The Berland University is preparing to celebrate the 256-th anniversary of its founding! A specially appointed Vice Rector for the celebration prepares to decorate the campus. In the center of the campus n ice sculptures were erected. The sculptures are arranged in a circle at equal distances from each other, so they form a regular n-gon. They are numbered in clockwise order with numbers from 1 to n.

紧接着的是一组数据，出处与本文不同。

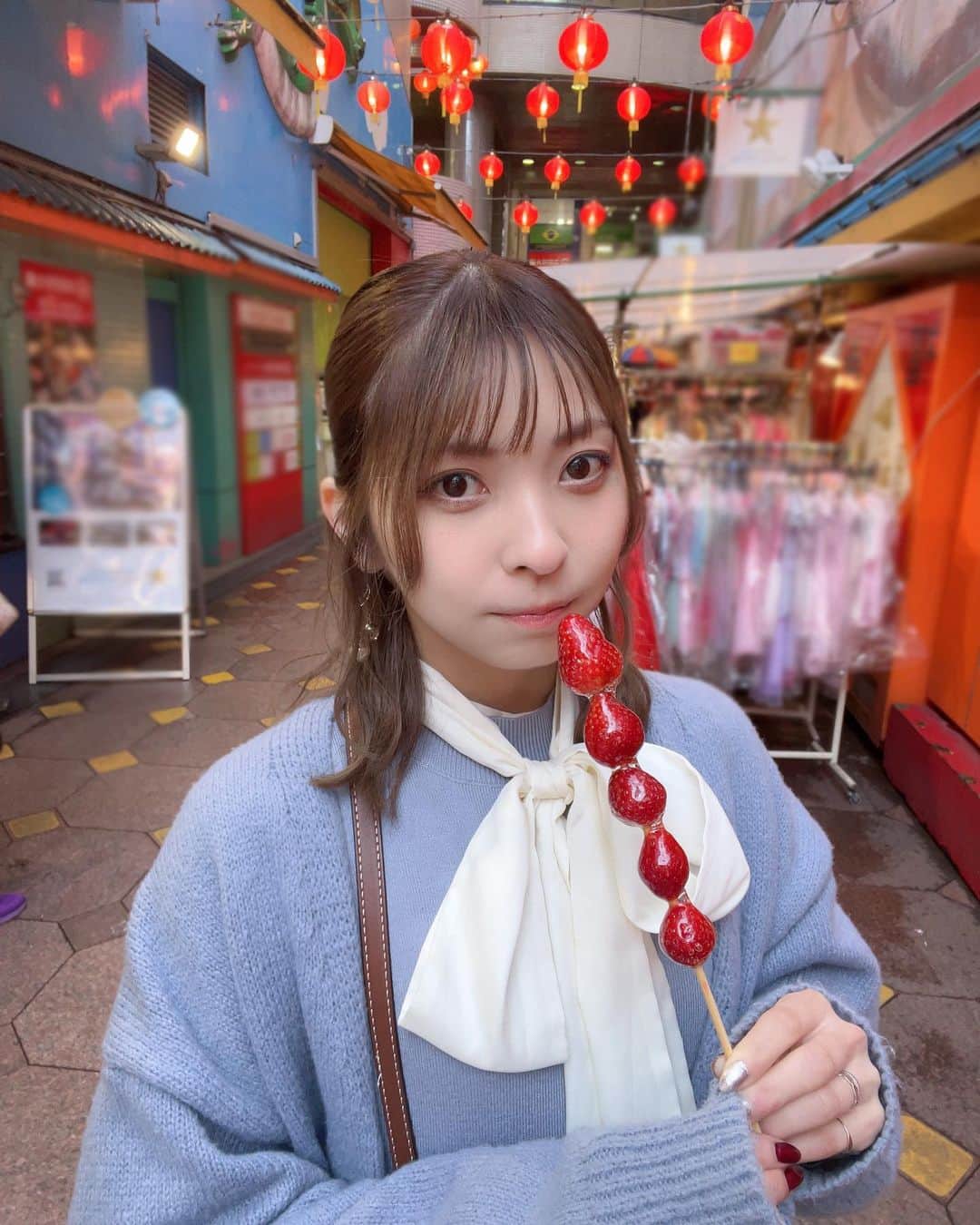 草場愛さんのインスタグラム写真 - (草場愛Instagram)「中華街で初めていちご飴食べた🍓」3月31日 21時30分 - manami_k1017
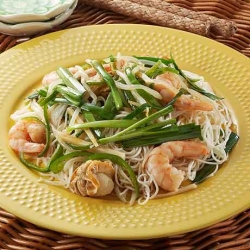 そうめんで海鮮ビーフン風炒め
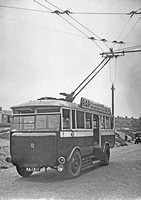 RM C20625. RA 1811 Chesterfield Crpn trolleybus 2 Straker-Clough Reeve & Kenning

The site of the University has already conducted a voting that estimated each sculpture's characteristic of ti — the degree of the sculpture's attractiveness. The values of ti can be positive, negative or zero.

When the university rector came to evaluate the work, he said that this might be not the perfect arrangement. He suggested to melt some of the sculptures so that:

  • the remaining sculptures form a regular polygon (the number of vertices should be between 3 and n),
  • the sum of the ti values of the remaining sculptures is maximized.

Help the Vice Rector to analyze the criticism — find the maximum value of ti sum which can be obtained in this way. It is allowed not to melt any sculptures at all. The sculptures can not be moved.

Input

The first input line contains an integer n (3 ≤ n ≤ 20000) — the initial number of sculptures. The second line contains a sequence of integers t1, t2, ..., tnti — the degree of the i-th sculpture's attractiveness ( - 1000 ≤ ti ≤ 1000). The numbers on the line are separated by spaces.

Output

Print the required maximum sum of the sculptures' attractiveness.

Examples
input
8
1 2 -3 4 -5 5 2 3
output
14
input
6
1 -2 3 -4 5 -6
output
9
input
6
1 2 3 4 5 6
output
21
Note

In the first sample it is best to leave every second sculpture, that is, leave sculptures with attractivenesses: 2, 4, 5 и 3.

 

题目大意 :

题目大意

  很多个雕像围在一起构成一个多边形,每一个占一个点并有个分数。现在需要移除一些雕像,使分数和最大,并且还是能构成多边形。

枚举每次删除的步长l,然后维护一个最大值就好了。枚举步长的上界是l * 3 <= n。

 代码 :

#include<cstdio>
#include<cstring>
#include<algorithm>
#include<cmath>
const int MaxN = 2e4;
using namespace std;
int n;
int ans;
int a[MaxN + 5];
int main()
{
  scanf("%d",&n);
  for(int i = 1;i <= n;i++){
    scanf("%d",&a[i]);
    ans += a[i];
  }
  for(int i = 1;i <= n / 3;i++){ // 枚举步长到n / 3
    if(n % i ) continue;
  for(int j = 1;j <= i;j++){    // 每次枚举的起始位置小于当前枚举步长
    int s = 0;
  for(int k = j;k <= n;k += i){
    s += a[k];        //求每次枚举的和
  }
  ans = max(ans,s);      //维护最大值
  }
  }
  printf("%d\n",ans);
}